__WHAT IS BEING ASKED__: From the first line to the last, copy the material exactly and leave the pictures out.

__LISTED ENTRIES__:
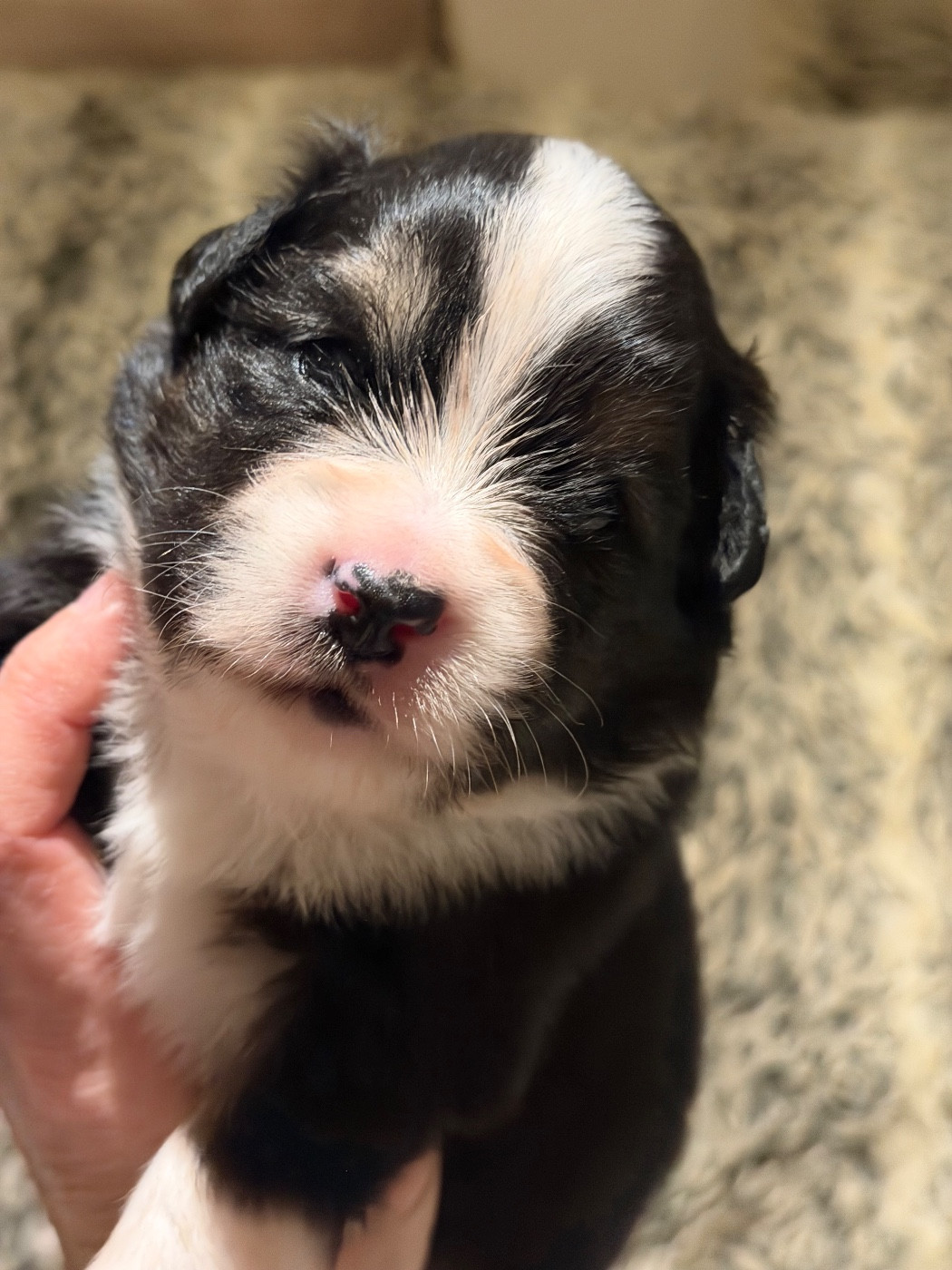 Des Plaines De Barbizon - Chiots disponibles - Berger Américain Miniature 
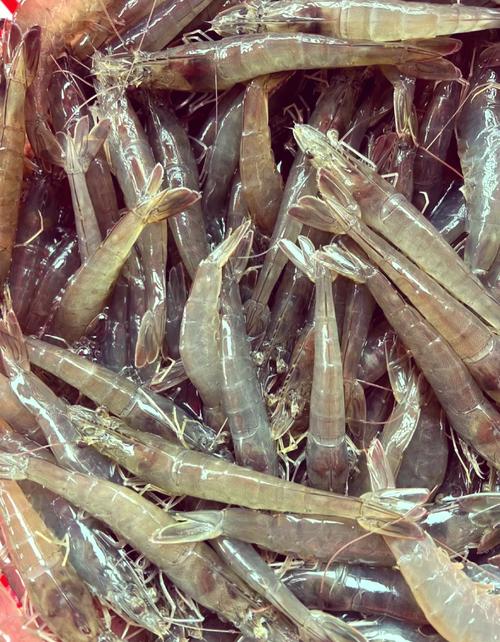 活虾的品种及图片大全-图2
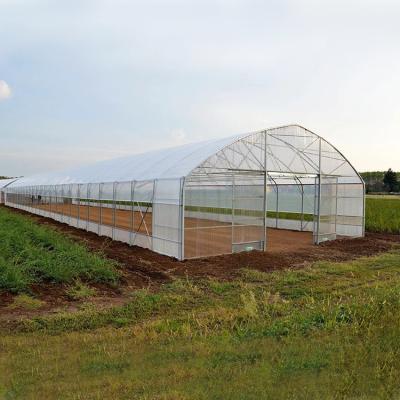 China Polycarbonate PC Board Greenhouse High Tunnel Plastic Film Side Ventilation Single-Span Greenhouse for sale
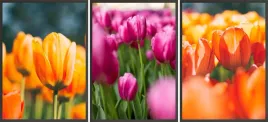 zestaw-plakatow-ramki-3x-33x43-tulipany-tulipan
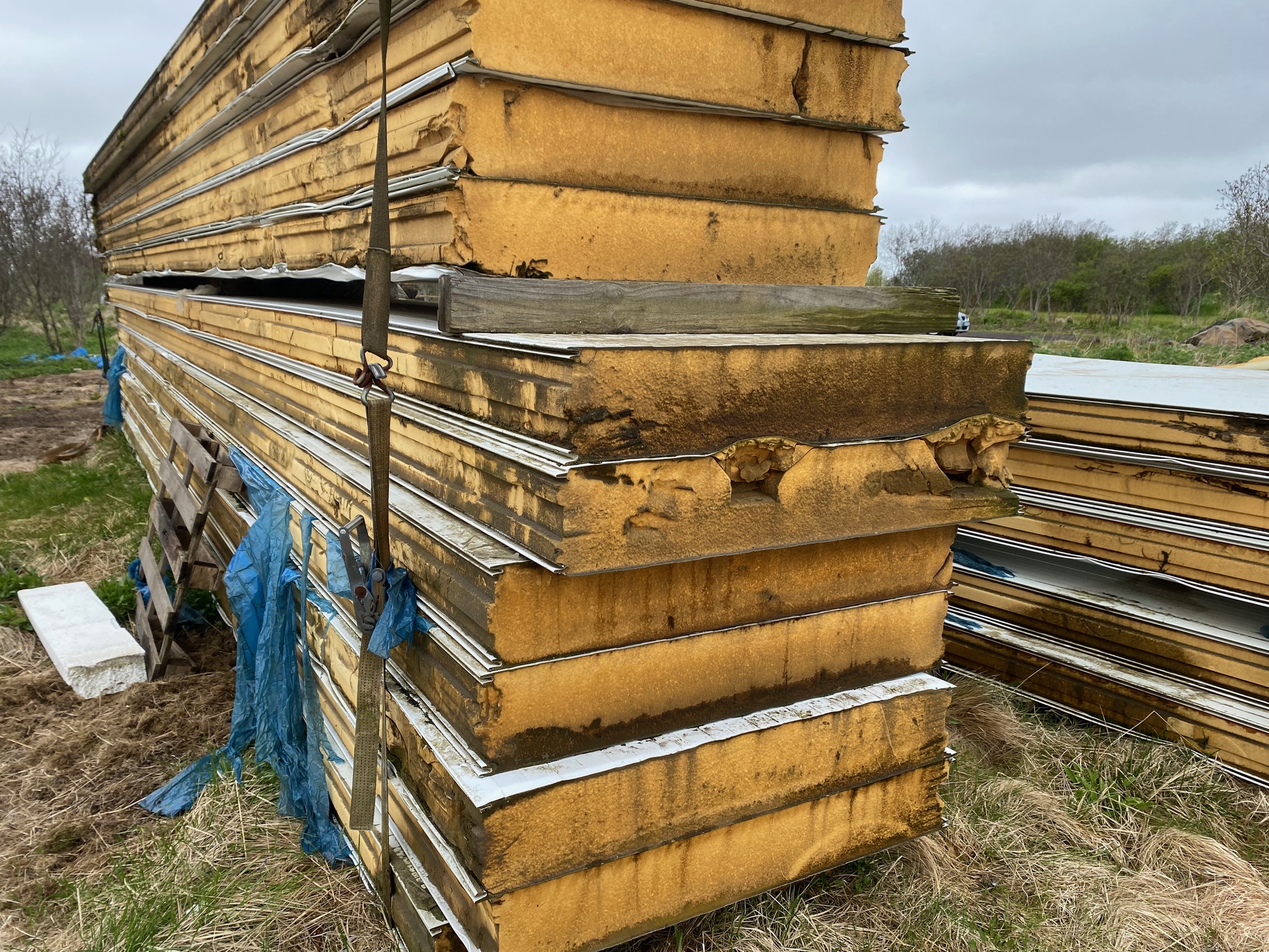 SELT - SOLD Yleiningar 7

__REPLY__:
 Des Plaines De Barbizon - Chiots disponibles - Berger Américain Miniature 
 活虾的品种及图片大全-图2
 China Polycarbonate PC Board Greenhouse High Tunnel Plastic Film Side Ventilation Single-Span Greenhouse for sale
 zestaw-plakatow-ramki-3x-33x43-tulipany-tulipan
 SELT - SOLD Yleiningar 7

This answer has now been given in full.